Monday, April 07, 2008

An Un-Testimony - How a girl became happy not to be in church

[HT: C. Michael Patton]

Below is the un-testimony of a girl who be came an un-believer. You might say from being a Church-ian to being Un-Churched. It is a sad story worthy of our tears. This is the story of a girl who struggled with lesbian attraction. Her church background would have been irrelevant. I think this is what happens when people are hounded by the Law but no Gospel. How do you think we should respond to her? She could be listening, what would you say to her?


“I realized at an early age that something was very wrong with the Baptist church I went to. It was pretty bad when a eight year old child can tell a place is corrupt.

My first of many churches was in north Alabama, a very horrid and dim place where half the population cannot read or write. At the early age of four I was taught that homosexuality was wrong, and if you were you would go straight to hell. In fact, you would go straight to hell for lots of things it seemed.

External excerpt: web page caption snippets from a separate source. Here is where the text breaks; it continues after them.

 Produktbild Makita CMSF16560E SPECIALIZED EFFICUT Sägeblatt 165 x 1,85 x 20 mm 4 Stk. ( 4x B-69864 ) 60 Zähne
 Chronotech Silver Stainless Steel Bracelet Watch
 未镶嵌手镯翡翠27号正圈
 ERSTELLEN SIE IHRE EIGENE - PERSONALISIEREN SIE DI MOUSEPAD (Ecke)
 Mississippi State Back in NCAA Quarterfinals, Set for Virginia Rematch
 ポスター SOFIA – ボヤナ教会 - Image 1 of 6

If you read anything by Darwin, you were doomed.

If you talked back to your husband, then I hope you enjoy fire.

If you think about sex you are a dirty whore and you will go to hell.

The place was really more like a cult then anything. The people were brainwashed into believing that everything they did was evil.

Luckily we moved from there, not long after we found out that a small religious faction that had developed in the town was over throwing the pastor because his daughter was a lesbian.

We moved to Montgomery when I was ten, which was when the big topic of the 10 commandments being in the capitol building was being disputed, and I think that was the real start of my fall from faith. Not from the big deal that society was making out of religion, but from the new church that I had become a part of making such a huge deal.. I remember my preacher saying loudly at the top of his lungs one Sunday morning as I sat in the pew hanging on his every word, that the only reason that the people were protesting was because they were dirty, filthy atheist homosexuals. I thought to myself “Why would they care though? It’s not hurting anyone if it is or is not in there.”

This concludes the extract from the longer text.